One has to keep in mind that the four pieces of software that make up LAMP have not been designed as a unified platform. On the contrary, they have different histories, and they were not specifically developed to work together. This is what distinguishes them from their competitor platforms ASP/.NET and Java/J2EE.

Let’s briefly go back to the year 1998. It was the time of the browser war and the dot.com boom. The Internet then consisted of about 5 million websites, which is less than one tenth of today (2005). Linux was at kernel version 2.8.x, Apache was at 1.3.0 and the Apache Software Foundation was not yet founded; MySQL was at version 3.21, and Andi Gutmans and Zeev Suraski just released the crucial PHP3 release.

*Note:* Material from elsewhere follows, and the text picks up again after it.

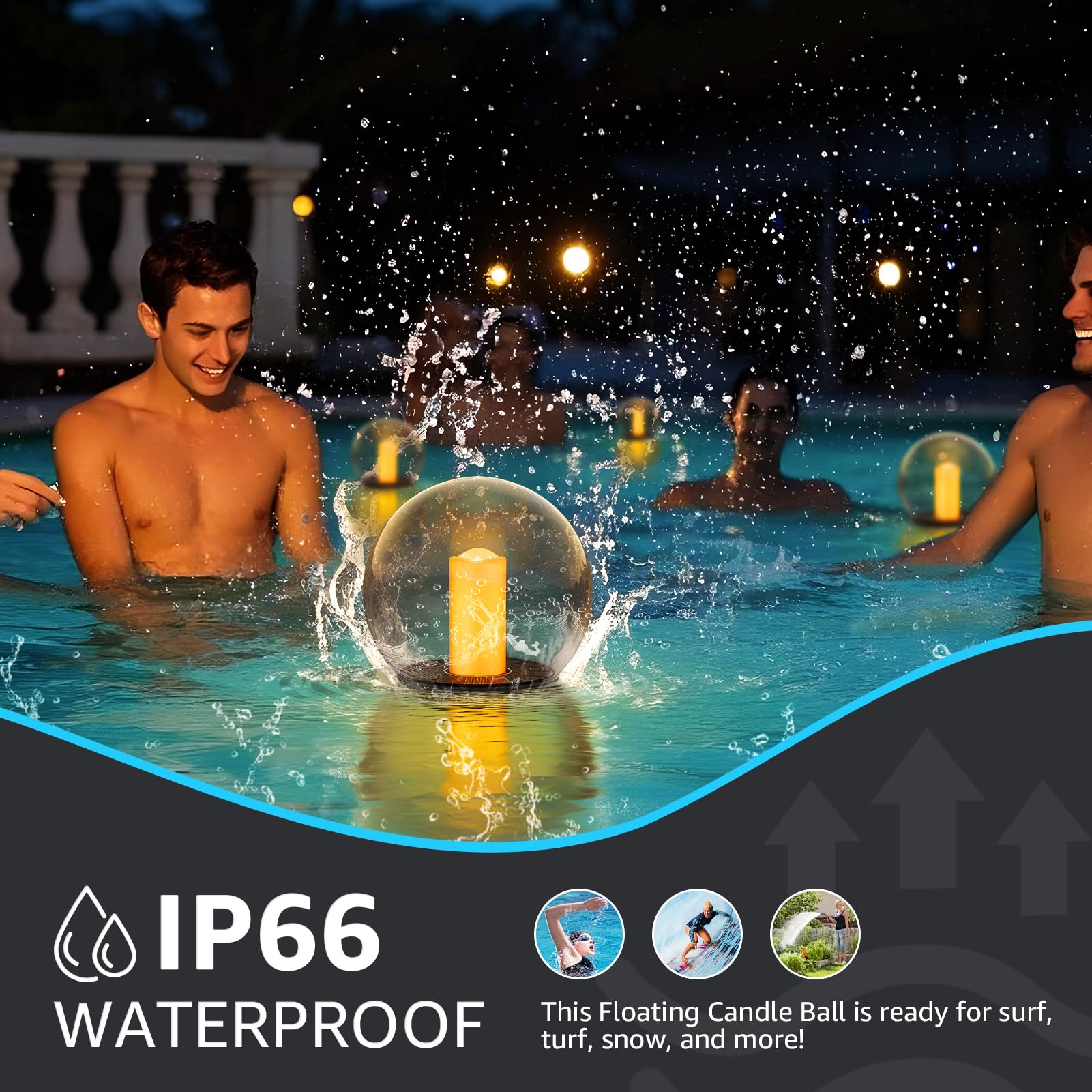 Luces solares flotantes para piscina, con energía solar, velas flotantes, luces de llama parpadeante, para exteriores, impermeables, IP66, para estanque, jardín, fiesta, piscina, decoración, paquete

Linux and Apache were already strong at the time. Linux was fairly mature OS with a userbase of 7.5 million in 1998. Torvalds had just trademarked the Linux name and the corporate world started to take notice. The Apache web server -originally developed as an extension of NCSA httpd server- already commanded 50% market share. MySQL and PHP, on the other hand, were new kids on the block. PHP had a userbase of only several ten thousand users and MySQL was widely considered a toy database.

The combination of these products, however, did one thing extremely well: powering dynamic websites. Plus they were free. Anyone who wanted to run a web server could use them without paying a single cent for license fees. Although MySQL and PHP had several limitations at the time, it did not really matter for the purpose of serving web pages. MySQL delivered impressive performance and PHP 3 was “cleaner” and easier to program than Perl. Thus the LAMP stack offered a killer platform for web applications.

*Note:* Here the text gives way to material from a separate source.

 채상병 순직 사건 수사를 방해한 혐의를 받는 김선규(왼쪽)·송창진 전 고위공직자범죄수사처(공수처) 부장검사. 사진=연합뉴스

Today, the quartet is more successful than ever. Apache powers 70% of all web servers. MySQL is the most widely used database on the Internet. It has matured into a full-featured RDBMS with transactions, replication, clustering, and (as of 5.0) stored procedures, views and triggers. PHP is now installed on 20% of all Internet sites. It fully supports the OOP paradigm and it has grown an extremely large function library that makes programmers feel like boys in a candy store.

What is behind the success of LAMP? In the case of Linux and Apache this is fairly easy to tell. They are both free and they offer excellent performance. You can easily pack 50 to 100 low traffic web sites onto a commodity PC. This makes Linux + Apache very popular with hosting companies who take advantage of the low cost of ownership. Furthermore, it allows service providers to customize the server’s configuration and administration model and apply it to an arbitrary number of cheap boxes which translates to arbitrary scalability. Hosting companies love it.

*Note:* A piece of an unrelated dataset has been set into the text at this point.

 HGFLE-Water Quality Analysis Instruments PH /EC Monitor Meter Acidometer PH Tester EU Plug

The case is slightly different with MySQL and PHP, because their growth is driven mainly by developers rather than by hosting companies. From the start, MySQL was geared towards web applications, which means its main strength is concurrent reads. Besides, it is easy to use and administer. PHP has become the scripting language of choice because its learning curve is almost zero, which means that programmers can be productive with PHP from day one. In addition, PHP is integrated very well with Apache from a very early time. It uses resources efficiently and avoids the CGI model and its known security problems.

All of the LAMP components originated around 1995 or before, which means that all of them recently passed their 10th birthday. LAMP can now be considered a mature architecture. The case of LAMP proves that using an open source platform is not like buying a pig in a poke. It proves that open source gets the job done, and -in the case of web servers- that it does the job better than anything else.